Solar leases are very popular with homeowners. In sunny California, 32 percent of all solar installations in 2017 were done via third-party financing. That’s a jump from less than 10 percent in 2009, according to the Climate Policy Initiative. For homeowners who want to have the benefits of solar power without the hassle of owning or maintaining their own system, a lease makes sense: While an outright purchase requires a large amount of cash on hand, and a loan means monthly payments but comes along with the responsibilities of maintenance, a solar lease gives some homeowners what they want without the hassles.
It is important to remember that solar leases are not available in all states. Before looking into whether a solar lease is the right option, ensure that it is possible in your state.
Take the Quiz:
Is a Solar Lease Right for You?
Is a solar lease really the right move for you right now? There are a few simple questions that can help you decide if it’s time to move forward, or if it’s best to step back and reevaluate your situation. Take a look at the following questions to determine the best course of action.
Do you own your home?
Only the homeowner can have a solar array installed and enter into a lease for the system. If you do not own your home, speak to your landlord about solar.
Is your credit score above 680?
Most leasing companies require a credit score of 680 or higher, though special financing might be available for those with a credit score between 650 and 679.
Is your roof mostly free of tree shading?
Large trees shading your home might preclude the use of solar panels. The only way to be sure is to have a site evaluation completed by the leasing company.
Is your roof in good condition?
Solar panels can only be installed on roofs that are in very good condition. If your roof needs to be replaced, take care of that before installing solar panels.
Do you plan to stay in your home for at least 15 years?
Most solar leases run for a 15 to 20-year term. Moving out of the home before the lease is up might lead to issues with transferring the lease to the new buyers.
Is buying the solar system outright cost-prohibitive?
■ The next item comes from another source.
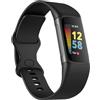 Coiwxmoi Cinturino per Fitbit Charge 6 / Fitbit Charge 5, Sportivi Regolabile Cinturini Morbido Silicone Ricambio per Uomo Donna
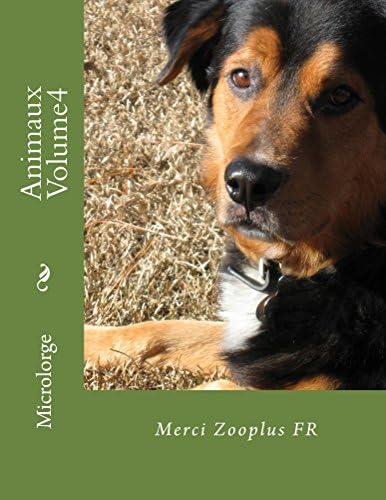 Animaux Volume 4 (French Edition)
Some homeowners don’t have the cash upfront for a purchase, or a loan doesn’t make sense for them, given their financial situation. In this case, a lease might be the best bet.
Are you OK with giving up rebates and tax incentives?
When you choose to lease, you do not qualify for tax incentives or rebates; the solar company gets all of those. If you are okay with giving up those perks, leasing is for you.
In-Depth: How a Solar Lease Works
You wouldn’t lease a car without knowing how the car and the financing work; the same should be true for leasing solar panels. Here’s what you need to know about the process.
You’re already on the right track by reading this guide. A lease is a long-term agreement, so treat it just as you would any high-value contract on your home or your vehicle.
Once you have decided that a lease is a good idea, it’s time to talk to the experts. Request that the leasing companies operating in your area come to your home and do a site review, then go over the details of the proposed contracts. Some leasing companies are open to negotiations, so be prepared with the terms you would really like to see in the contract.
Once the agreement is hashed out, take some time to think it over. Give yourself at least a few days to read through it all and do further research on anything you don’t understand. Don’t hesitate to call the salesperson to get more details. You could also consider taking the documents to an attorney for a quick review before you sign everything.
Is it all good to go? Sit down with the salesperson and sign on all those dotted lines. At this point you might be asked to provide a down payment (assuming that’s in your contract) or make a first monthly payment.
This should happen relatively quickly. Expect to see expert installers show up to do the work. Watch as the magic happens – it’s really rather fascinating. If anything looks strange, don’t hesitate to stop the work and ask what they are doing and why. They should be able to give you a clear answer.
Now that the solar array is up and running, your responsibility lies in writing the checks as promised. Make your monthly payments on time, every time, to avoid any penalties or fees.
Your leasing company is responsible for everything, including the maintenance on the solar array. They should have a regular maintenance schedule; however, you will still need to keep an eye on the solar panels. If there are any problems – for instance, if there is some damage to a panel after a storm – get in touch with the leasing company immediately.
Wait impatiently for your next electric bill, which should reflect a nice bit of savings. The bottom line should be pleasantly lower than what you were paying before the solar panels were installed.
Most solar lease contracts are for at least 15 years. Once that period is up, it’s time to decide what to do. At this point you can enter into a new solar lease (and get new equipment) or you can choose to buy out the original panels at a very good price.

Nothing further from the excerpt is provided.